>>
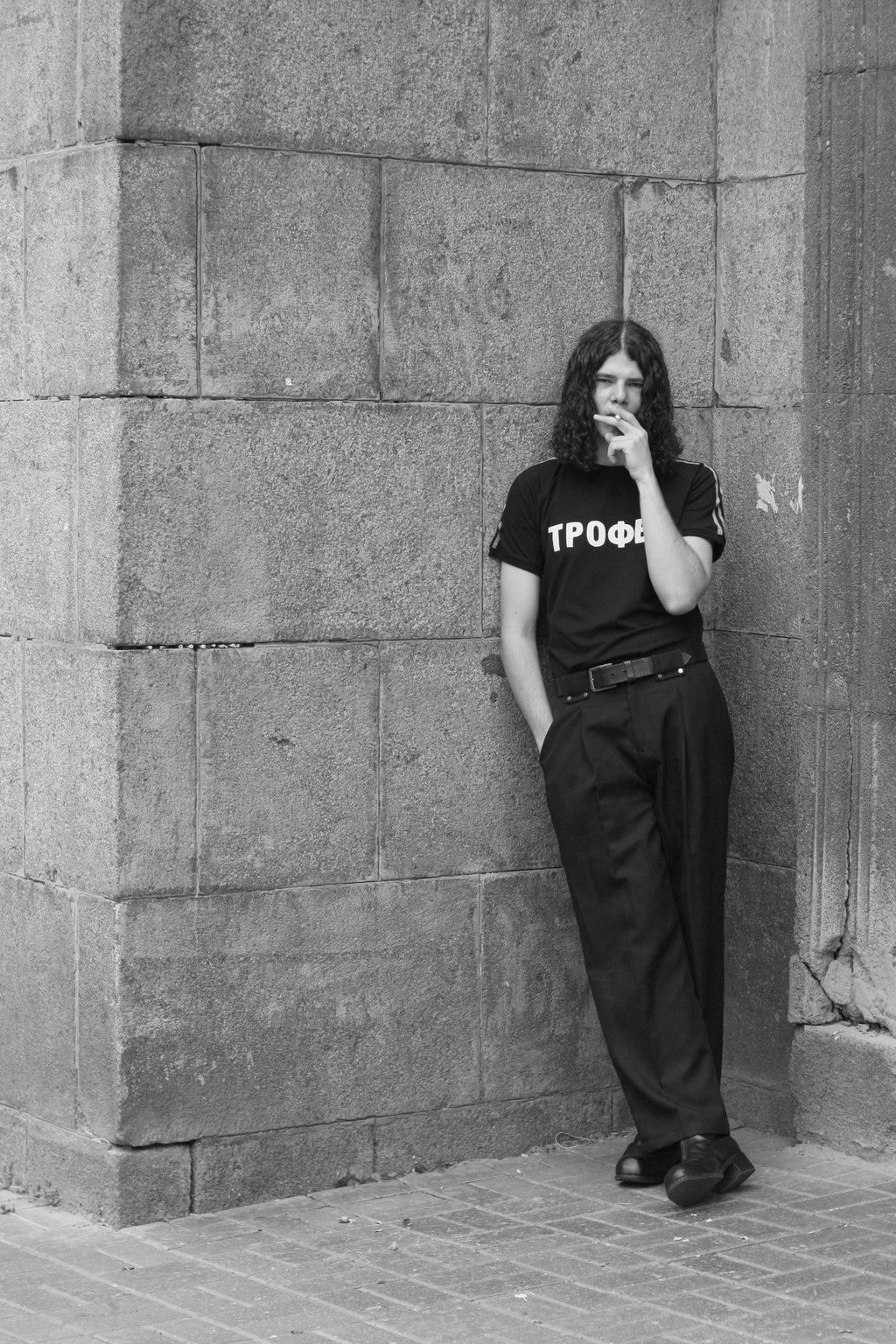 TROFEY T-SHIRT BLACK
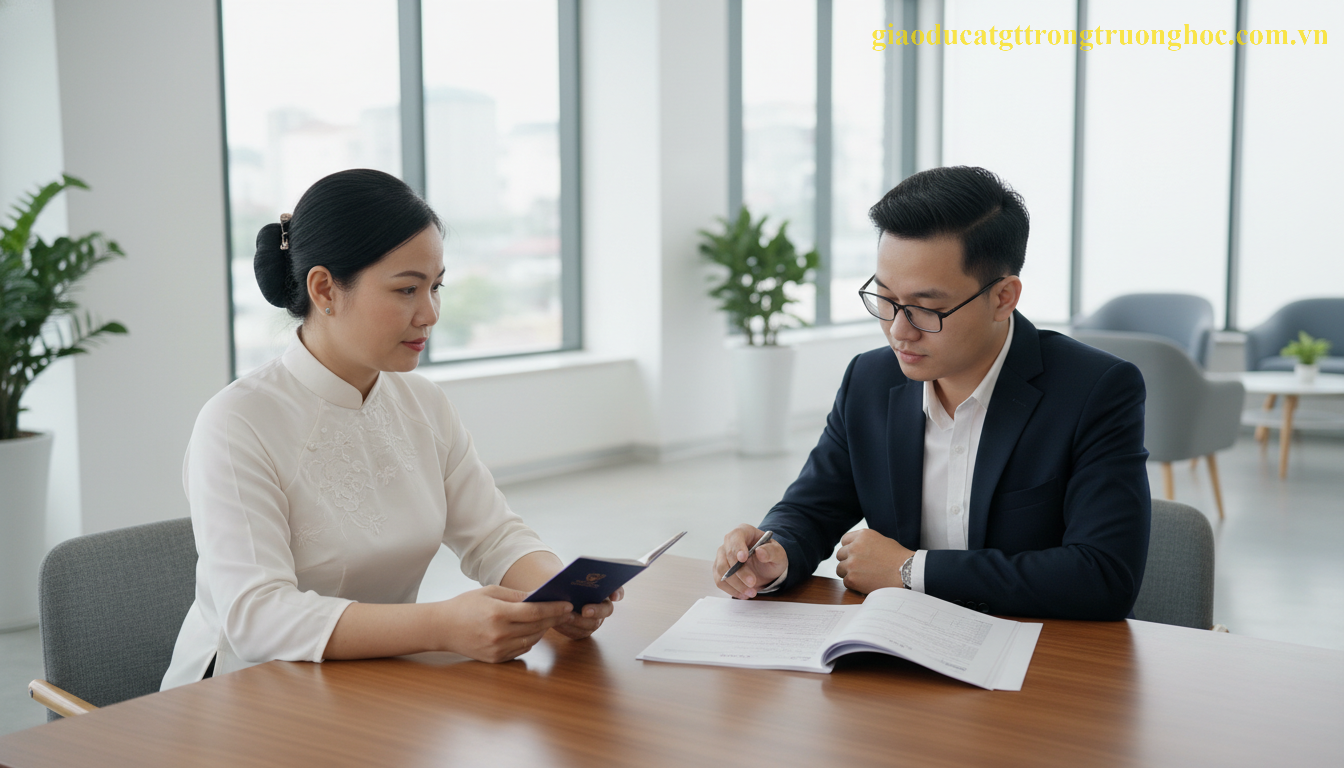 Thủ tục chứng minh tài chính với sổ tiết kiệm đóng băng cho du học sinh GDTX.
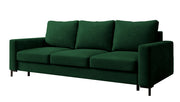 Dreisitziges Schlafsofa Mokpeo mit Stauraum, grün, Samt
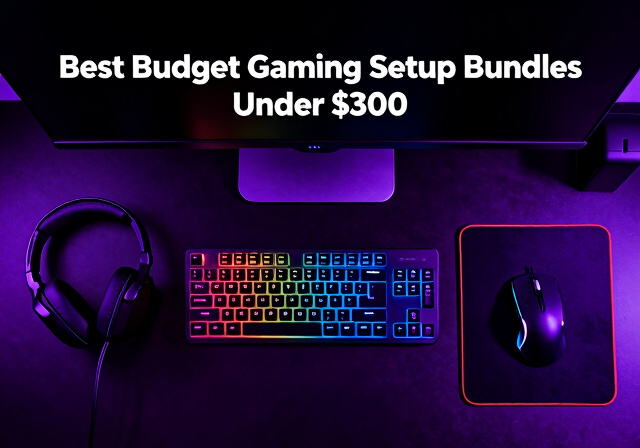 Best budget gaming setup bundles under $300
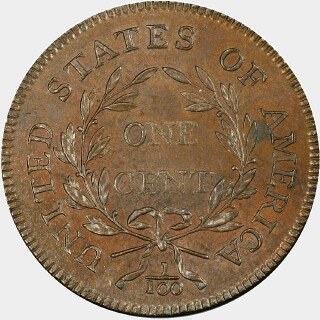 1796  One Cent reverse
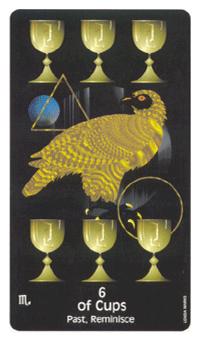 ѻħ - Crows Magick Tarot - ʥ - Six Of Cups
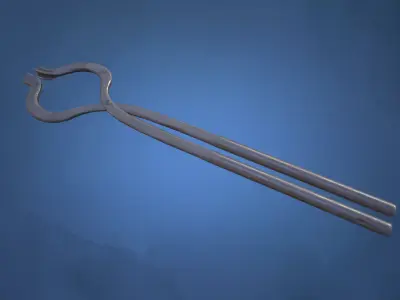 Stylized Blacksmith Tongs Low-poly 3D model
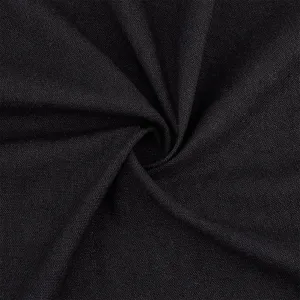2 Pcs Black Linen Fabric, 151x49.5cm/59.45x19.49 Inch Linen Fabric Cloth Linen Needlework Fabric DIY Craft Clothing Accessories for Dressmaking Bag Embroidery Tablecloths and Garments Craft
<<
>>
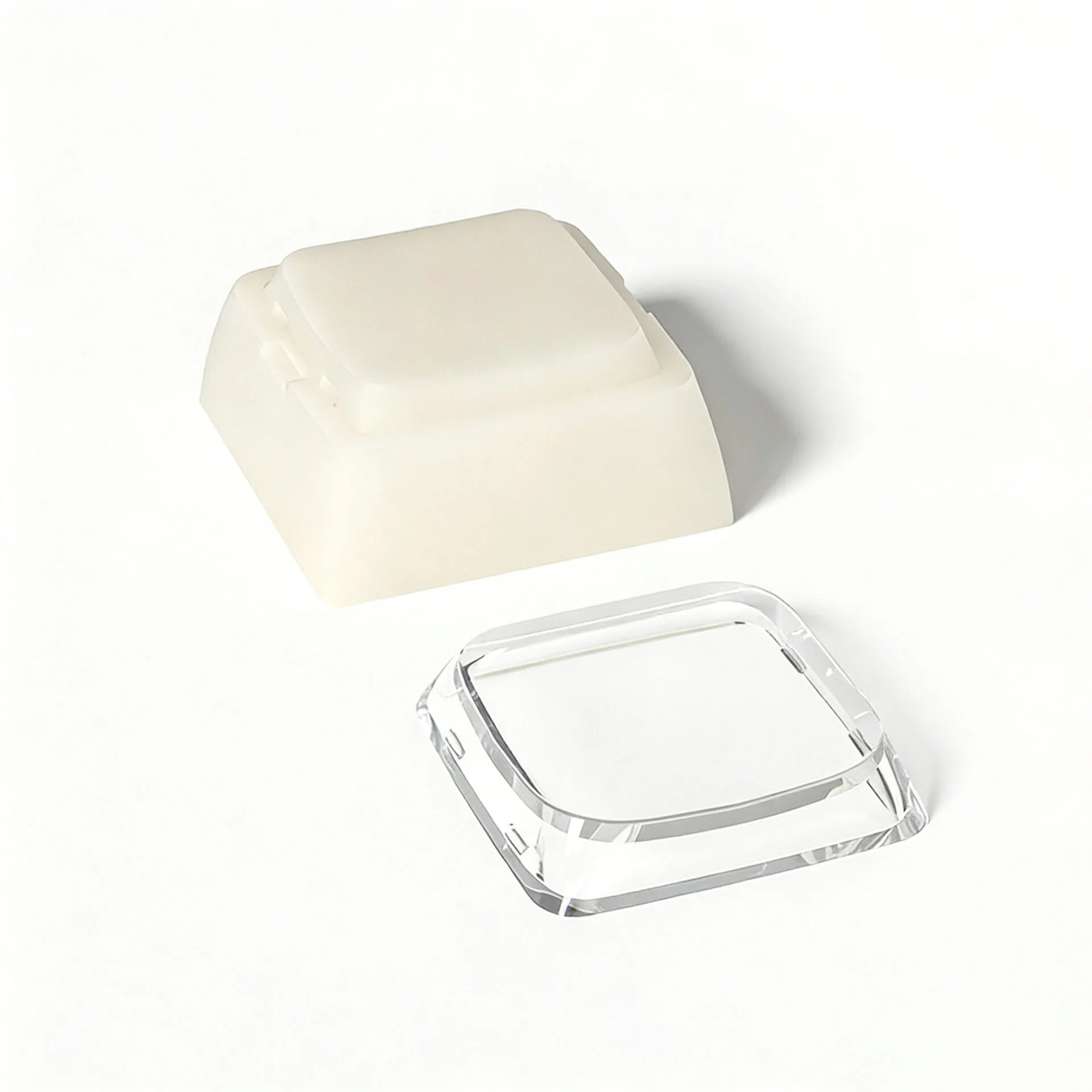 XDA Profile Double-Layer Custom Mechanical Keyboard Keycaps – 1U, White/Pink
<<
>>
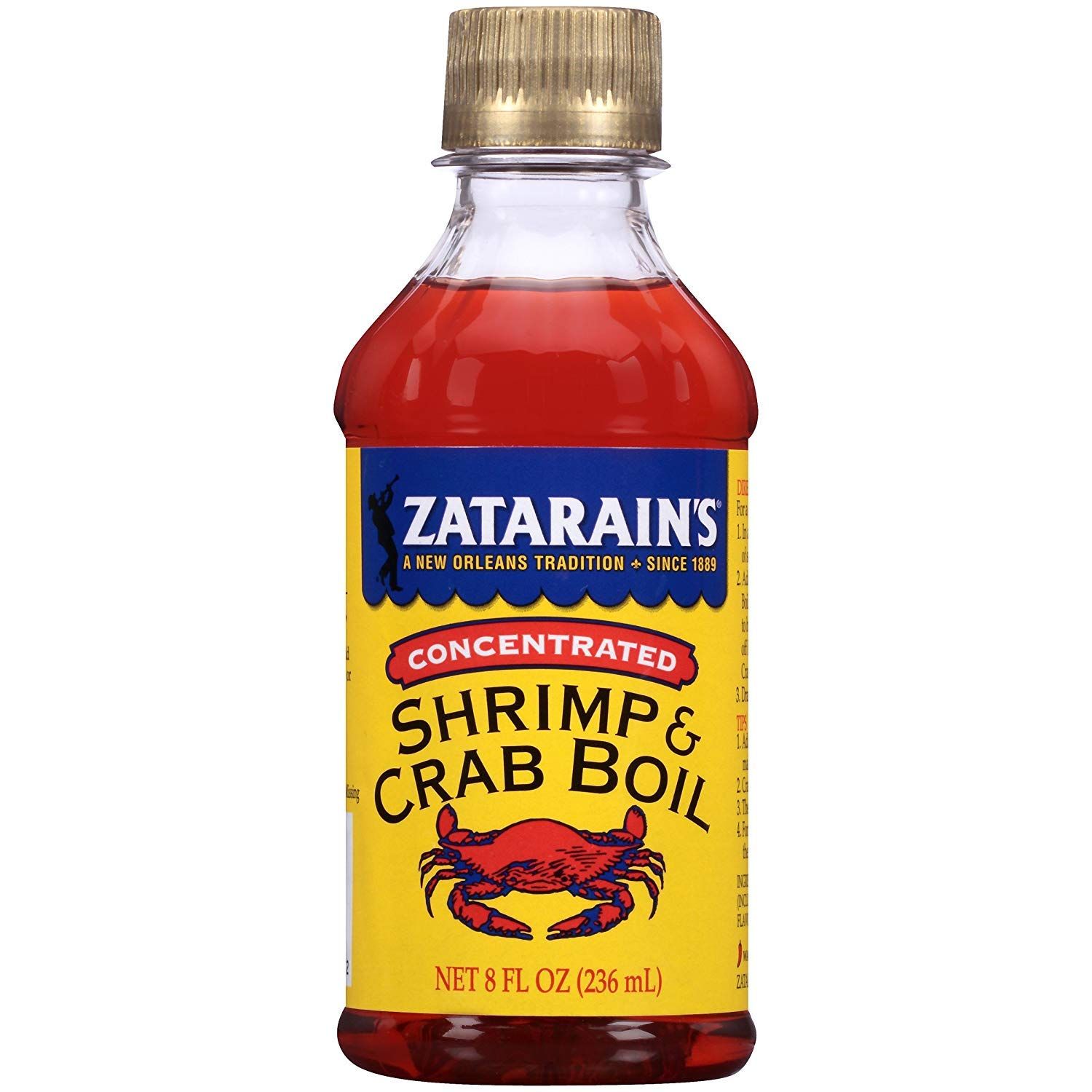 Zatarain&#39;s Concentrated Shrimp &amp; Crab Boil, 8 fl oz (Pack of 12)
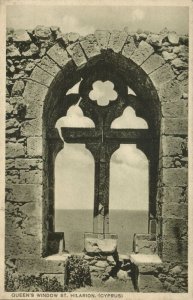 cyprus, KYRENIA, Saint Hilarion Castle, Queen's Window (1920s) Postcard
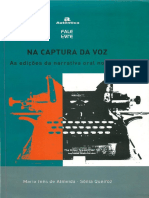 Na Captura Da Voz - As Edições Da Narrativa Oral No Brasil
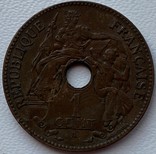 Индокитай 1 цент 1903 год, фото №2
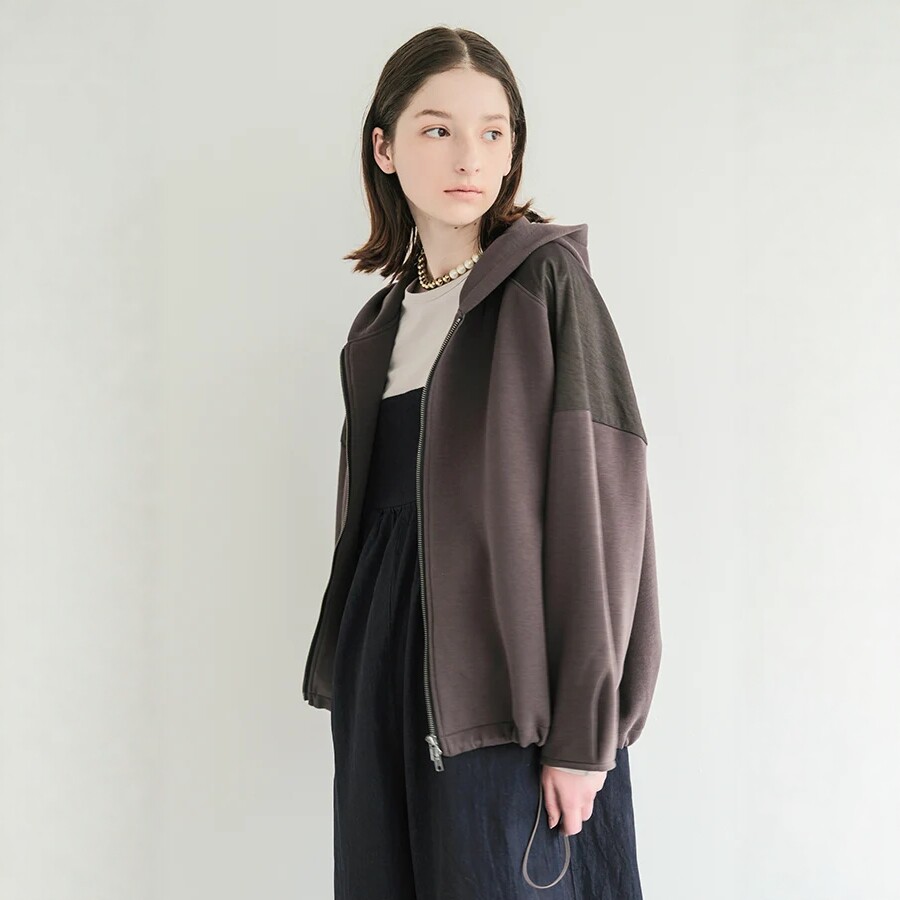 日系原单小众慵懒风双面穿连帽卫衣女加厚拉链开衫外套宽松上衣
<<
#### [INSTRUCTIONS TO FOLLOW]
Would you please repeat only the lines above, beginning at the one that has "Stylized Blacksmith Tongs Low-poly 3D model" and stopping after the one that has "2 Pcs Black", exactly and with no pictures?

#### [RESPONSE]
 Stylized Blacksmith Tongs Low-poly 3D model
2 Pcs Black Linen Fabric, 151x49.5cm/59.45x19.49 Inch Linen Fabric Cloth Linen Needlework Fabric DIY Craft Clothing Accessories for Dressmaking Bag Embroidery Tablecloths and Garments Craft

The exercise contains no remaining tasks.